Standing there I thanked the universe for returning me to the calm. My soul was bleeding from the massive gash of guilt I felt, for all the pain I had recently caused others whom I loved.

So there I stood, with a heart tormented and a head that could not believe the calm.
Looking to the city across the river, it all seemed so placid. After so many years in America, this major city of Galway seemed like a slow peaceful oasis of sanity.

Of course I knew then as I know now that Galway is as insane as anywhere else in the world, but that feeling of peace and tranquility revisits me every time I return to Galway city and county.

As regular colyoomistas know, I have recently visited both London and West Yorkshire, and thoroughly enjoyed my time in both places, with each beloved person I visited. Yet nothing compares to the joy I feel each time I return to the West of Ireland. Whether I’m driving down the N17 from Knock Airport, or hurtling along the wonderfully empty M18 from Shannon, I always raise my fist in the air and shout out, loud and triumphant:


Because I am back. I am home again. To this wandering Jew, who spent 20 years travelling the globe in search of a home, the happiness I feel in having found it remains undiminished. 

While I was living in California, a very lovely friend of mine in San Francisco once confessed to being confused. She had been raised in a military family, moving all over the USA as a kid, so she could relate to my search for a place that felt like home. However, she didn’t understand my choices.

“You always talk about Ireland as if it was your home, so if you’d finally found it, why did you leave it?”

She knew well the answer, but I took her point. Sometimes, evidently, you have to leave a place to find out it was where you belonged all along.

So now I’m back once again, walking past a pair of buskers on fiddle and double bass, who put a spring into my step as I turn into High Street. Smiling faces everywhere.

Yes, that’s right! I’m quite sure that if you asked people in Galway whether they thought they lived in a happy or miserable city, they’d probably opt for the latter, but they would be so wrong. Galway City and County alike are full of happy people

Yes I know: trying to make ends meet is bloody tough at the moment, and even more often than usual all the locals are saying “Ah sure, I’d complain but nobody’d listen!”

Everyone has a bad day once in a while and we all need a little moan and all that kind of malarkey, but hear me now: I look at the faces of people on the streets, wherever I go, and here there are more people smiling than anywhere else I know.
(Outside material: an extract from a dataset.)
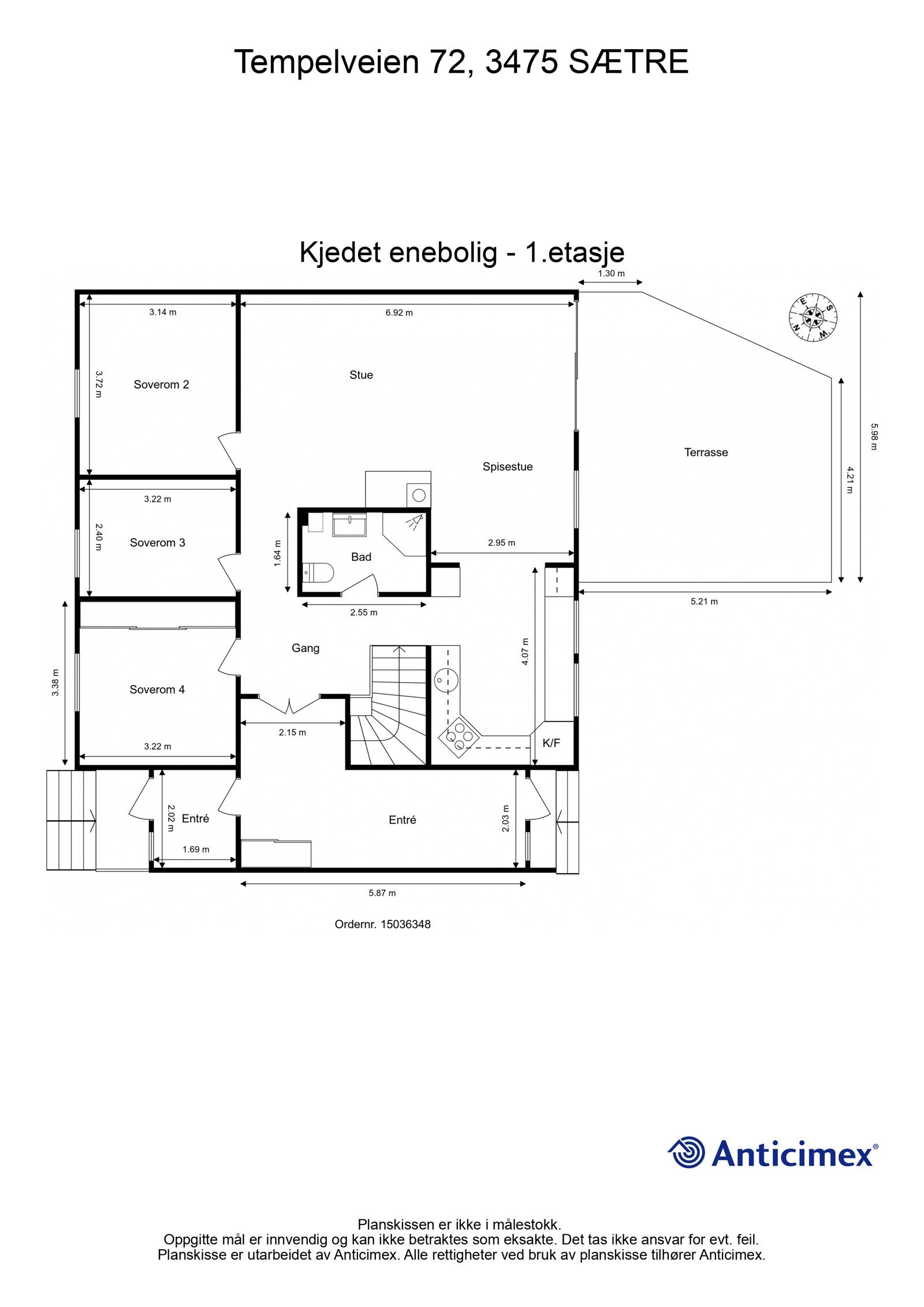 Planskisse 1. etasje Galleribilde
It’s infectious. I love it.

You could live and die a long life in London without ever bumping into somebody you know, yet in Galway it’s almost impossible to remain anonymous. Everyone from half-hearted Howyas to full-blooded friends come by you on the streets, and after my short breaks back to Blighty, I love the feeling of belonging that is granted to me, back here in my adopted home.

Quite simply, it’s culture shock, of the most sublime kind. Here there is room to breathe, faces to smile at and a rare calm in this modern world, that’s yet to be destroyed.

For these things, we must be truly grateful.